Schlosser Creek-Wolf Creek drainage divide area

Figure 6: Schlosser Creek-Wolf Creek drainage divide area. United States Geological Survey map digitally presented using National Geographic Society TOPO software.

Figure 6 illustrates a detailed map of the Schlosser Creek-Wolf Creek drainage divide area seen in less detail in figure 5 above. Northwest-oriented Schlosser Creek originates west of Blue Mountain and flows to the figure 6 northwest corner and then to north-oriented Cottonwood Creek. Southeast-oriented Wolf Creek headwaters are located southeast of Blue Mountain. The east-oriented North Fork Wolf Creek originates southeast of Green Mountain. Wolf Creek flows to the north-oriented Powder River. Note the various saddles or through valleys eroded across the present day Cottonwood Creek-Powder River drainage divide. In particular note the valley just northeast of Blue Mountain on the northwest-oriented Schlosser Creek alignment that provides a link to an unnamed southeast oriented Wolf Creek tributary on that same northwest-southeast alignment. That through valley and others like it provides evidence that southeast oriented flood waters once flowed across the figure 6 map area on a topographic surface at least as high as the highest figure 6 elevations today. Headward erosion of the deep north-oriented Powder River valley then captured the southeast oriented flood flow and southeast- and east-oriented Powder River valley tributary valleys then began to erode northwest and west along the incoming southeast-oriented flood flow routes. However, before those Powder River tributary valleys had time to erode deeply into the newly eroded Powder River valley west wall headward erosion of the Cottonwood Creek valley beheaded the southeast-oriented flood flow routes and diverted the flood waters north. Flood waters on the northwest ends of the beheaded flood flow routes reversed flow direction to flow northwest to the newly eroded Cottonwood Creek valley and in the process eroded the northwest-oriented Schlosser Creek valley and created the Schlosser Creek-Wolf Creek drainage divide.

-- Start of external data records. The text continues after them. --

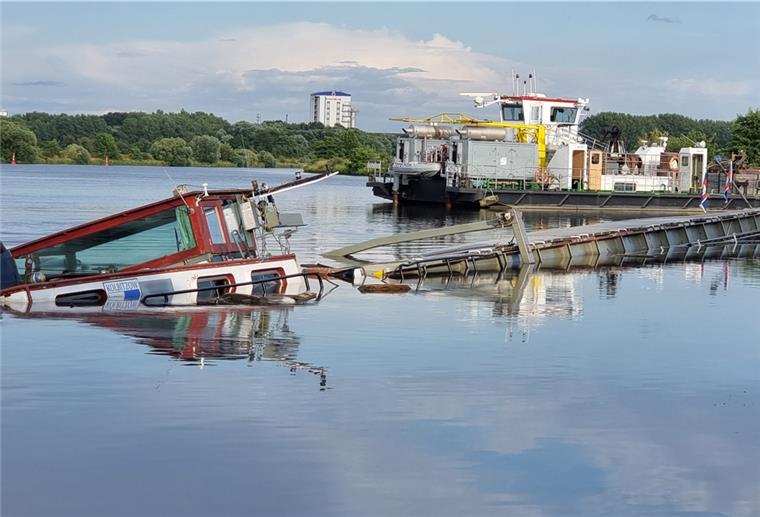 Gesunkenes Schiff auf Weser: Feuerwehr bekämpft drohende Ölpest Nach einer Kollision auf der Weser bei Balge im Landkreis Nienburg geht ein mit mehreren Tonnen Mais beladenes Schiff unter. Es sei aus bislang ungeklärten Umständen mit einem anderen Schiff zusammengestoßen, sagte ein Sprecher der Wasserschutzpolizei.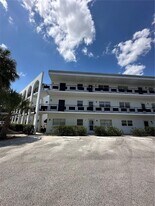 100 El Camino Dr in Winter Haven, FL - Building Photo
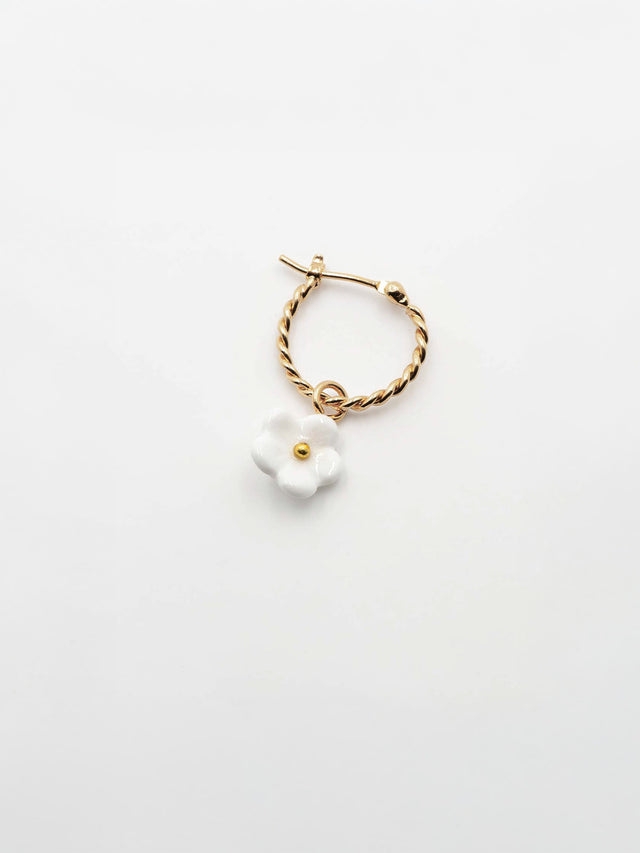 nach bijoux Mini créole fleur blanche - Vendue à l'unité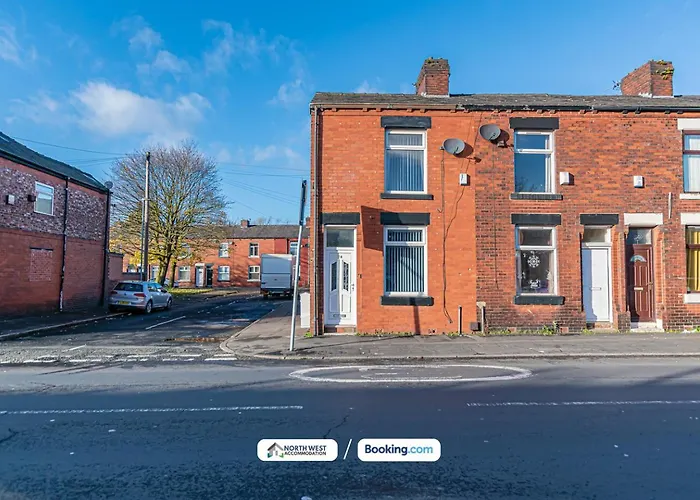 Casa de Férias Spacious 3-bedroom House In With Free Parking Manchester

Little Cottonwood Creek-North Fork Smith Creek drainage divide area

Figure 7: Little Cottonwood Creek-North Fork Smith Creek drainage divide area. United States Geological Survey map digitally presented using National Geographic Society TOPO software.

Figure 7 illustrates a detailed map of the Little Cottonwood Creek-North Fork Smith Creek drainage divide area seen in less detail in figure 5 above. Little Cottonwood Creek flows northeast along the highway in the figure 7 southwest quadrant and then makes an abrupt turn to flow northwest toward the figure 7 northwest corner area and northeast-oriented Cottonwood Creek (located northwest of the figure 7 map area). West-oriented Trough Creek is the major Little Cottonwood Creek tributary shown in figure 7 and northwest-oriented Cedar Canyon Creek is the major Trough Creek tributary. East of the Cottonwood Creek-Powder River drainage divide southeast-oriented North Fork Smith Creek flows from the figure 7 east center area to the figure 7 east edge (near the highway). Note the multiple through valleys linking the northwest-oriented Little Cottonwood Creek drainage basin with the north-oriented Powder River drainage basin. Also note the through valleys are located adjacent to the present day hills or “mountains” located along the Cottonwood Creek-Powder River drainage divide. The through valleys and the hills provide evidence southeast-oriented flood water once flowed across the figure 7 map area on a topographic surface at least as high as the highest figure 7 elevations today. The multiple through valleys provide evidence flood waters flowed in multiple channels such as would be expected in a southeast-oriented anastomosing channel complex. Headward erosion of the deep north-oriented Powder River valley first captured the southeast-oriented flood flow and diverted the flood waters north to what was then the actively eroding northeast-oriented and deep Yellowstone River valley head. Shortly after (before Powder River tributaries had time to erode deep valleys into the newly eroded Powder River valley west wall) headward erosion of the Cottonwood Creek valley captured the flood flow and diverted the flood waters north to what was then the actively eroding and deep Yellowstone River valley head. Flood waters on the northwest ends of the beheaded flood flow routes, such the flood flow route using the present day northwest-oriented Little Cottonwood Creek valley alignment) reversed flow direction to flow northwest to the newly eroded Cottonwood Creek valley, to erode northwest-oriented Cottonwood Creek tributary valleys, and to create the present day Cottonwood Creek-Powder River drainage divide.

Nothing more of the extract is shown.